[[ STORED DATA, beginning ]]

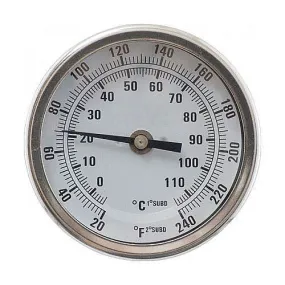 Dial Thermometer 1/2" NPT (3" Face x 2.5" Probe)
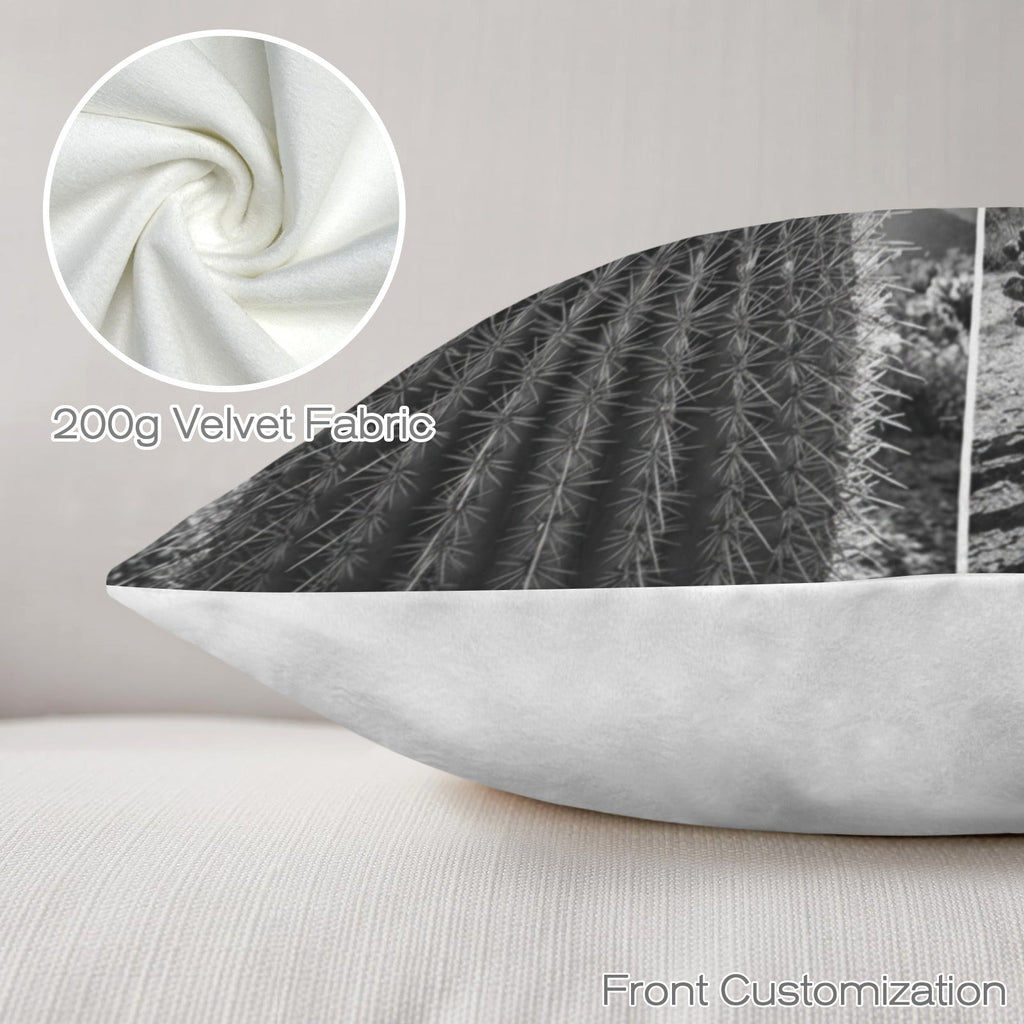 Baha Ranch Black White Cactus Velvety Soft Pillow Case Made in America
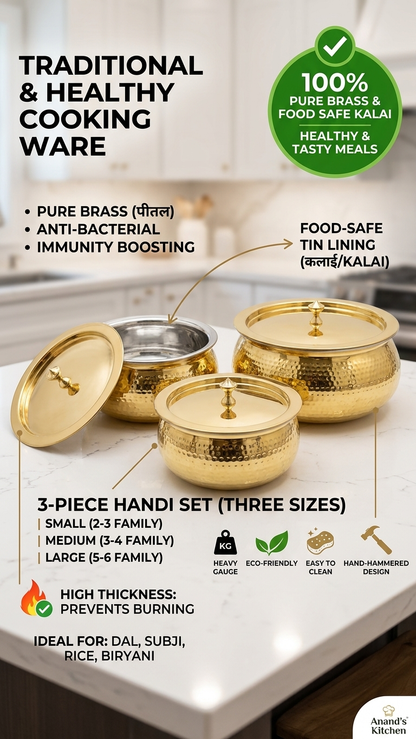 Pure Brass Hammered Cooking Handi with Tin Lining (Kalai) & Heavy Lid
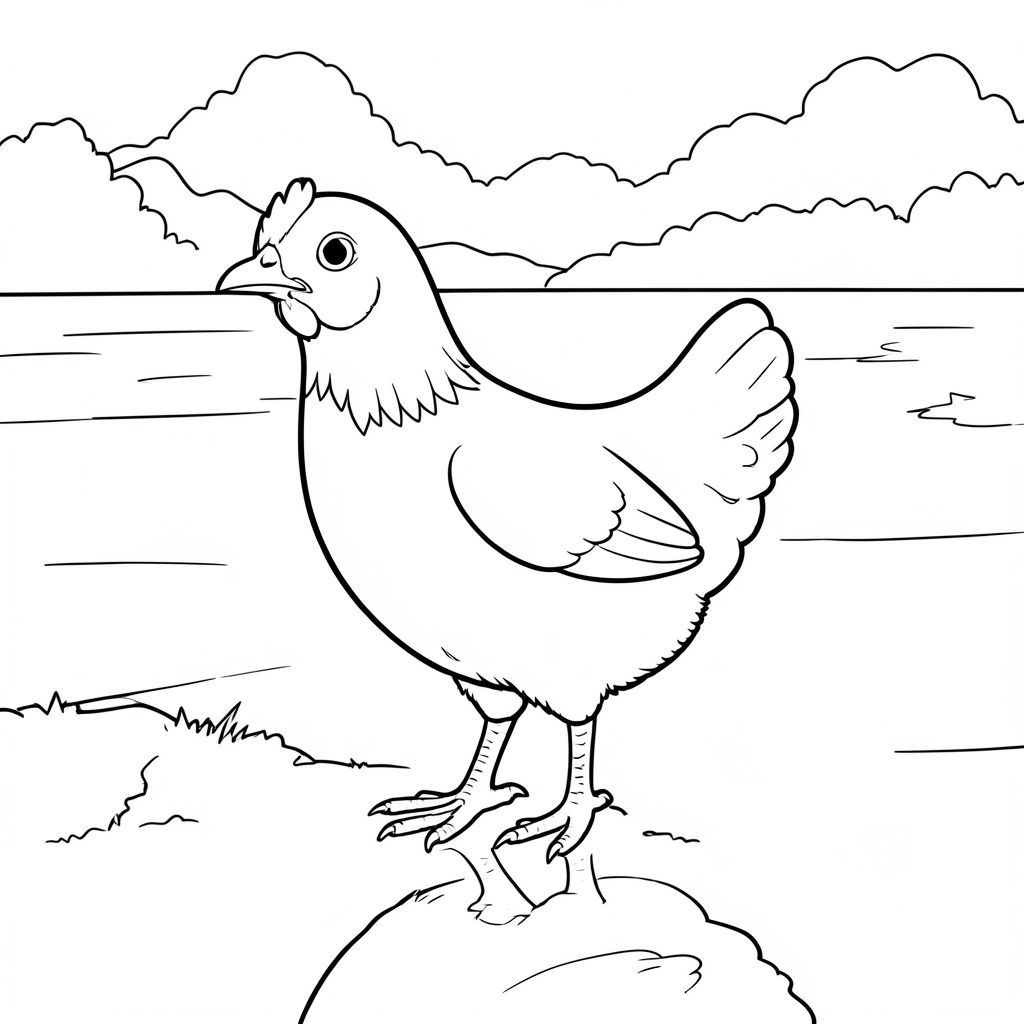 solo, một con chim, một đầu, hai mắt, một mỏ, hai cánh, hai chân, một đuôi, tỷ lệ tự nhiên, quy mô thích hợp trong môi trường, đúng giải phẫu, gà, hồ, bờ biển, gương, vẫn còn, điềm tĩnh, nước, phản chiếu, mịn, rõ ràng, điềm tĩnh, trang màu, nghệ thuật đường, nền trắng, solo, chủ đề đơn, đúng giải phẫu, giải phẫu hoàn hảo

[[ STORED DATA, end ]]

WORK REQUIRED - All of the material above should be reproduced exactly, except the pictures.

EXERCISE RESULT -
 Dial Thermometer 1/2" NPT (3" Face x 2.5" Probe)
 Baha Ranch Black White Cactus Velvety Soft Pillow Case Made in America
 Pure Brass Hammered Cooking Handi with Tin Lining (Kalai) & Heavy Lid
 solo, một con chim, một đầu, hai mắt, một mỏ, hai cánh, hai chân, một đuôi, tỷ lệ tự nhiên, quy mô thích hợp trong môi trường, đúng giải phẫu, gà, hồ, bờ biển, gương, vẫn còn, điềm tĩnh, nước, phản chiếu, mịn, rõ ràng, điềm tĩnh, trang màu, nghệ thuật đường, nền trắng, solo, chủ đề đơn, đúng giải phẫu, giải phẫu hoàn hảo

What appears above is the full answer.